Top of Excerpted data

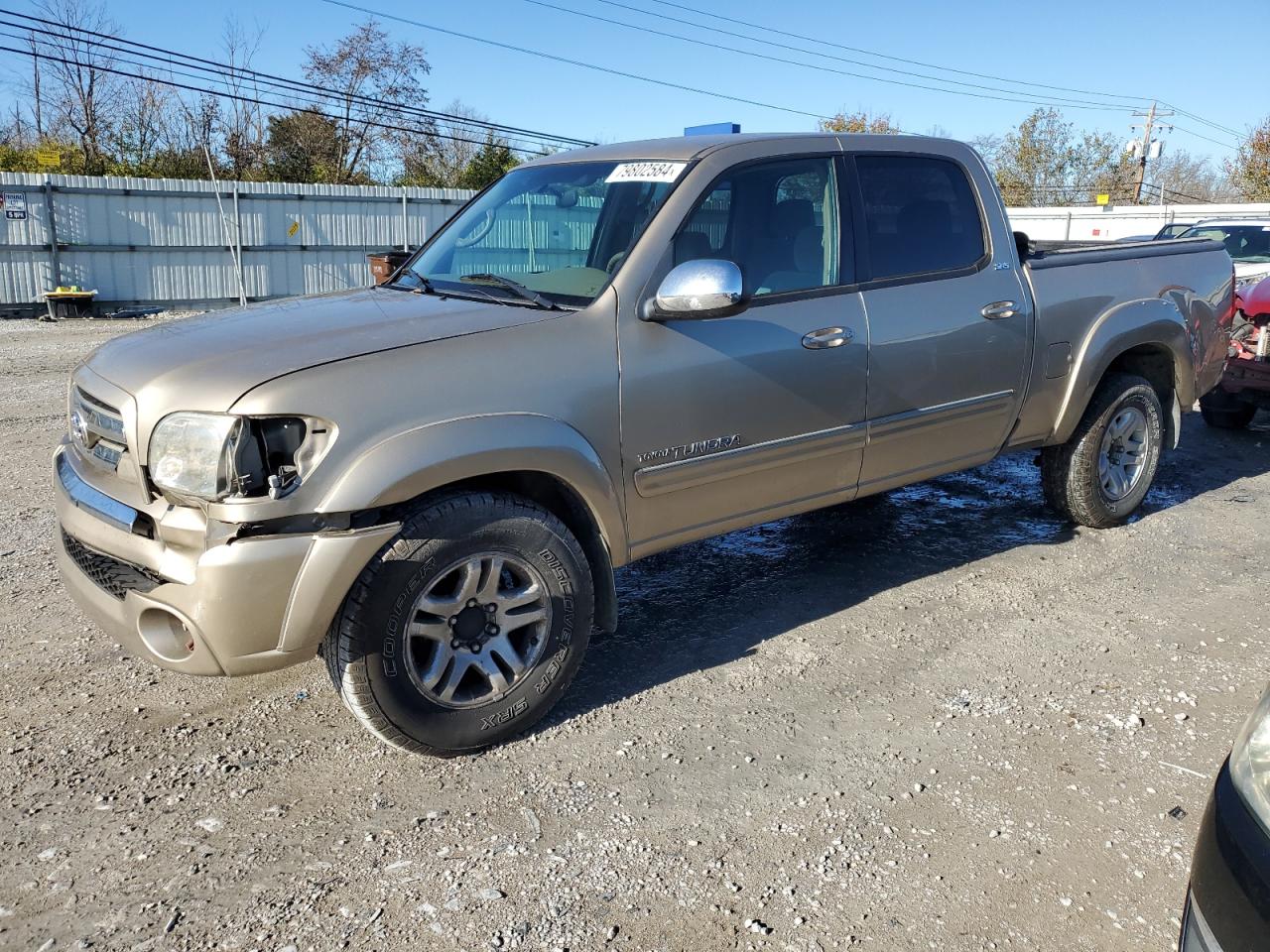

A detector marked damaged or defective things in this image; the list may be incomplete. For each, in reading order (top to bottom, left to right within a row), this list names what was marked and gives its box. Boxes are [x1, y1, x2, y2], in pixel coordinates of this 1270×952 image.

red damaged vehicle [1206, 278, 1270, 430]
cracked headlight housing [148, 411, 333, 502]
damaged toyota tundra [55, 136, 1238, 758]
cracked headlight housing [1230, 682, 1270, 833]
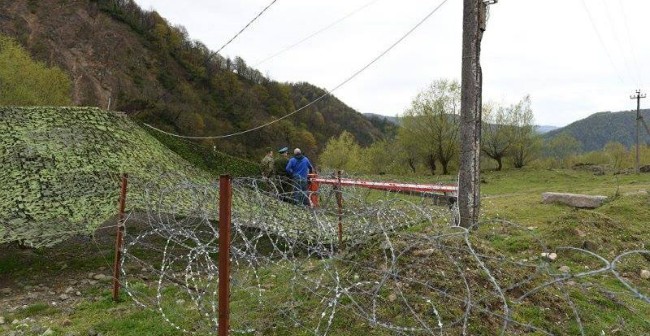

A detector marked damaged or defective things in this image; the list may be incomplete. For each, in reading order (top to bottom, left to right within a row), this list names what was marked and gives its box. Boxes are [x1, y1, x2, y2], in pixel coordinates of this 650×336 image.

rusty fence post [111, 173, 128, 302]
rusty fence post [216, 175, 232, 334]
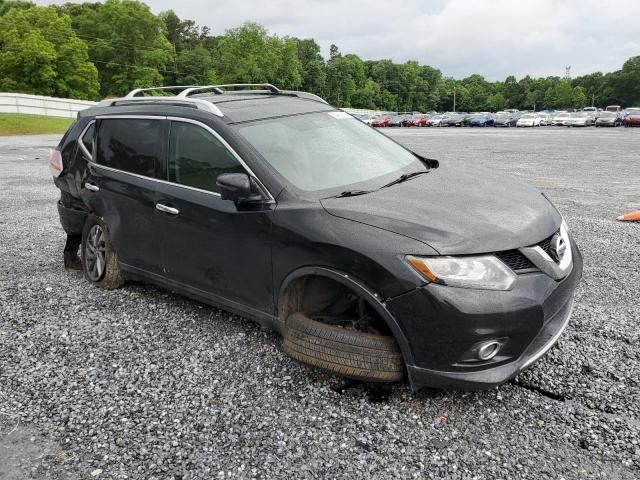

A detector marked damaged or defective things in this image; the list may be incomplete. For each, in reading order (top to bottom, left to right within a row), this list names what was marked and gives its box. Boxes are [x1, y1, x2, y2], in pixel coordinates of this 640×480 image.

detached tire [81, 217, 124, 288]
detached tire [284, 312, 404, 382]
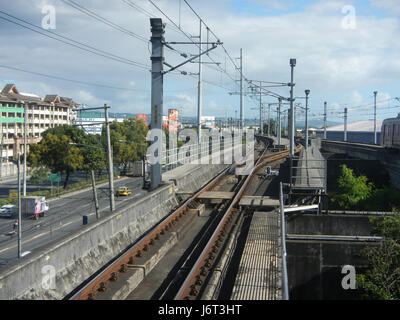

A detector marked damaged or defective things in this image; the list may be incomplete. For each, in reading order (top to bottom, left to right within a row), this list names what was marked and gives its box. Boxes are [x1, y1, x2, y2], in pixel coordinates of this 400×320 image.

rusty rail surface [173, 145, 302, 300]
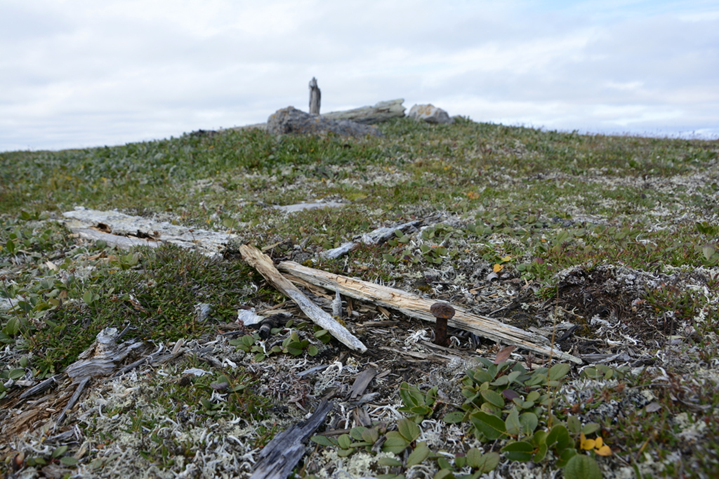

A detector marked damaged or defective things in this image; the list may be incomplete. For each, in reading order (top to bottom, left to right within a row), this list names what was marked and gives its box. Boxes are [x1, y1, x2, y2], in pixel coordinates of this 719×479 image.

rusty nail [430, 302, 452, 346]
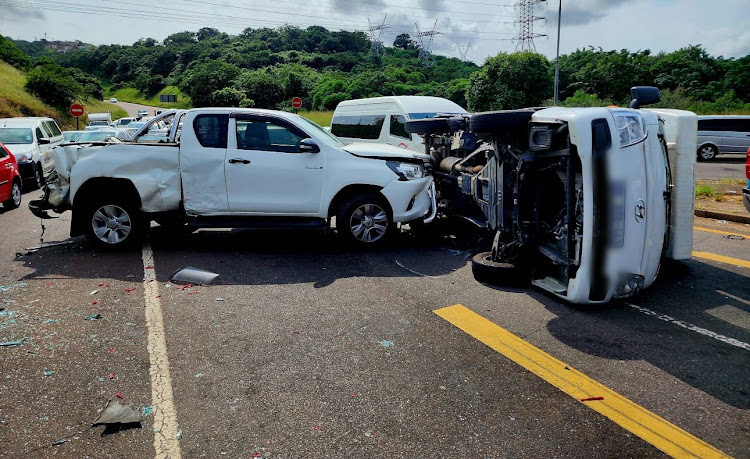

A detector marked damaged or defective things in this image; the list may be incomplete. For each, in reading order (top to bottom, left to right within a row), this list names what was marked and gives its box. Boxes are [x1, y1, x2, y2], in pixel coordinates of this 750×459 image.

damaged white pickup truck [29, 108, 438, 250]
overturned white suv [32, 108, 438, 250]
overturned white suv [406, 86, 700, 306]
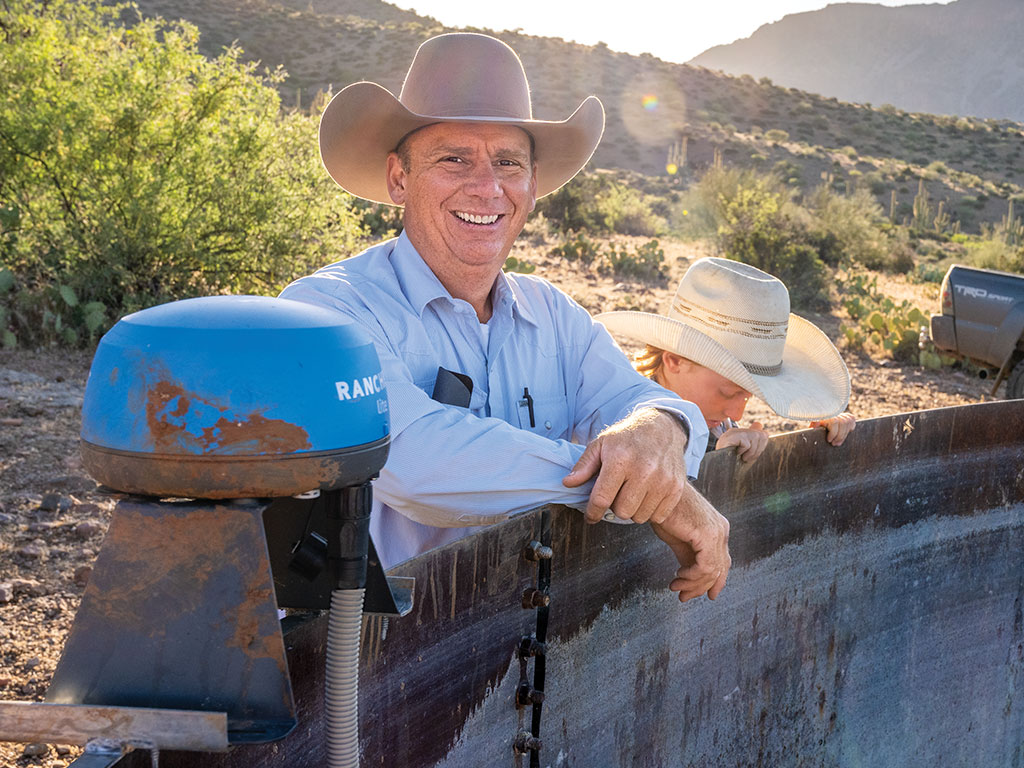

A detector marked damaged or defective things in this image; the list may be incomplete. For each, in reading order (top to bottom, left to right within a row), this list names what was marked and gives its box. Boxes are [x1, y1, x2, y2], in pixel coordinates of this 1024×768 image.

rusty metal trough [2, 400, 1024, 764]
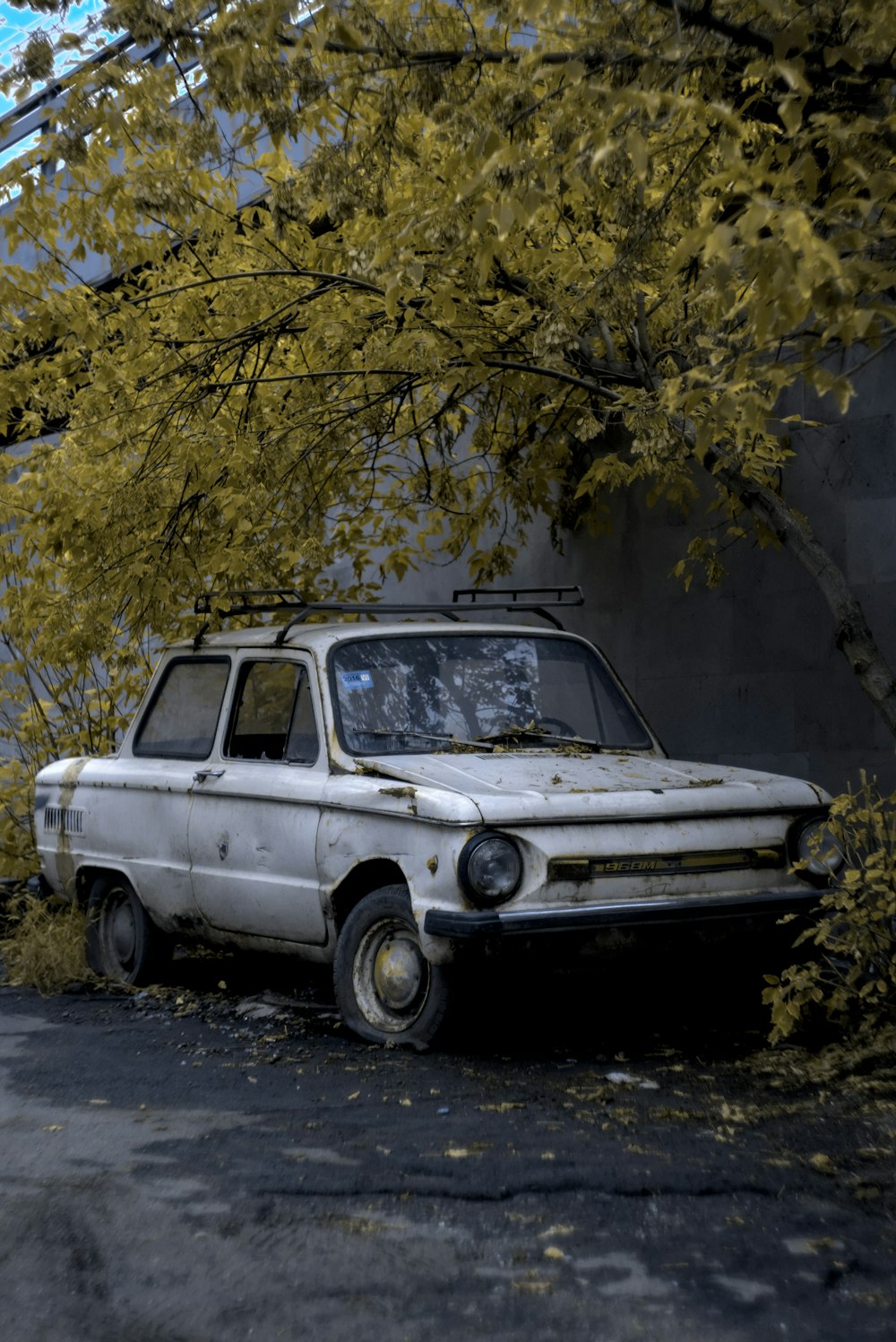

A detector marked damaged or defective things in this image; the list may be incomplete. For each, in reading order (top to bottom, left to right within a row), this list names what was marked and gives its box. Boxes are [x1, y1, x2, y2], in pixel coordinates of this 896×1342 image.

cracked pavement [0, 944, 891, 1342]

Bottom of Excerpted data

Your task: Output nothing but the lines from the one containing "this 896×1342 image." through the last line of the data, exactly as they stand.

Answer space:
A detector marked damaged or defective things in this image; the list may be incomplete. For each, in reading order (top to bottom, left to right within a row), this list names what was marked and gives its box. Boxes are [x1, y1, x2, y2], in pixel coordinates of this 896×1342 image.

cracked pavement [0, 944, 891, 1342]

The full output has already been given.